Before tokenization, we often need to clean and standardize our text data. These pre-processing steps include:

  1. Case Normalization: It involves converting all text to the same case (upper or lower) to ensure consistency. For example, ‘text’, ‘Text’, ‘TEXT’ are all converted to ‘text’.

  2. Removing Punctuation: Punctuation can provide meaningful context in certain NLP tasks. However, for many tasks, punctuation is unnecessary and can be removed.

  3. Removing Stop Words: Stop words are commonly used words in a language (e.g., ‘the’, ‘is’, ‘in’). In many NLP tasks, these words are filtered out as they don’t provide meaningful information.

  4. Stemming and Lemmatization: These are methods to reduce inflected (or sometimes derived) words to their root form.

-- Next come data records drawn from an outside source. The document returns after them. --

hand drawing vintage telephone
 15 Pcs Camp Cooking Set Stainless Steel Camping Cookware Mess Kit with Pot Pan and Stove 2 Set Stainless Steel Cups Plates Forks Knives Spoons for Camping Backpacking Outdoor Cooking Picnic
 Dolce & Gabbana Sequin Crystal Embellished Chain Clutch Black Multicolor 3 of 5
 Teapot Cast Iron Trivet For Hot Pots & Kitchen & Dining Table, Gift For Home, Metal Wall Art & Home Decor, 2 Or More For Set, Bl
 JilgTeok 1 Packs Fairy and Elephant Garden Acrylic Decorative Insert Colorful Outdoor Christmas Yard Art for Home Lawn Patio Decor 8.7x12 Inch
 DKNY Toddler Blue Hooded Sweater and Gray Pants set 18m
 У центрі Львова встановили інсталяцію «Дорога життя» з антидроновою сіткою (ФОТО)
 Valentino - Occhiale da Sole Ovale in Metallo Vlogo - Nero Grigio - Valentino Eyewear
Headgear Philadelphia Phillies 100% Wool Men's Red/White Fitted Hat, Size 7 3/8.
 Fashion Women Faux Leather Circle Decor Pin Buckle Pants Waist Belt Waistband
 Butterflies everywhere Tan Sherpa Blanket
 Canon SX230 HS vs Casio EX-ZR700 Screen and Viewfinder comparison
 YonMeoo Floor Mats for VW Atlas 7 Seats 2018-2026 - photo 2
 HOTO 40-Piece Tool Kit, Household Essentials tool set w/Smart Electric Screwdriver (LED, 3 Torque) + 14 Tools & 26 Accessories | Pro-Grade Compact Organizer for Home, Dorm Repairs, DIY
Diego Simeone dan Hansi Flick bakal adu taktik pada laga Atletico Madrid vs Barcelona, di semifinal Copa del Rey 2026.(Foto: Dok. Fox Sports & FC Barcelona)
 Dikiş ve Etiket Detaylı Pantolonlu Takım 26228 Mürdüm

Let’s see an example of these steps in action using NLTK:

from nltk.corpus import stopwords
from nltk.stem import PorterStemmer
from nltk.tokenize import word_tokenize
import string

nltk.download("punkt")
nltk.download("stopwords")

text = "The quick brown Fox jumped over the lazy Dog!"

# Case Normalization
text = text.lower()

# Remove punctuation
text = text.translate(str.maketrans("", "", string.punctuation))

# Word Tokenization
tokens = word_tokenize(text)

# Remove stopwords
stop_words = set(stopwords.words("english"))
tokens = [i for i in tokens if not i in stop_words]

# Stemming
ps = PorterStemmer()
tokens = [ps.stem(word) for word in tokens]

print(tokens)
['quick', 'brown', 'fox', 'jump', 'lazi', 'dog']
[nltk_data] Downloading package punkt to /home/yjlee/nltk_data...
[nltk_data]   Package punkt is already up-to-date!
[nltk_data] Downloading package stopwords to /home/yjlee/nltk_data...
[nltk_data]   Package stopwords is already up-to-date!

In this example, we first normalize the case to lower, remove punctuation, tokenize the words, remove the stop words, and finally perform stemming.

Part 4: Tokenization in Different Languages with Examples#

The tokenization process can be quite different and complex in some languages other than English.

Tokenization in French#

Tokenization in French can be a little more complex due to the frequent use of contractions and accents. Here is an example of tokenizing a French sentence using the NLTK library:

from nltk.tokenize import word_tokenize

text = "C'est une belle journée!"
tokens = word_tokenize(text)
print(tokens)
["C'est", 'une', 'belle', 'journée', '!']

Tokenization in Korean#

Tokenization in Korean can be quite complex because words are often combined into larger morphological units. The Korean NLP library, eKoNLPy, offers MeCab-based morphological parsers. Here is an example using one of them, MeCab:

%pip install eKoNLPy
from ekonlpy.mecab import MeCab

mecab = MeCab()
text = "안녕하세요! 자연어 처리를 배우고 있습니다."
tokens = mecab.pos(text)
print(tokens)
[('안녕', 'NNG'), ('하', 'XSV'), ('세요', 'EP+EF'), ('!', 'SF'), ('자연어', 'NNG'), ('처리', 'NNG'), ('를', 'JKO'), ('배우', 'VV'), ('고', 'EC'), ('있', 'VX'), ('습니다', 'EF'), ('.', 'SF')]

This concludes our lab lecture on tokenization and pre-processing in NLP. Remember, the specifics of these techniques may vary based on the language and the task at hand. Practice with different texts and languages to become more comfortable with these concepts.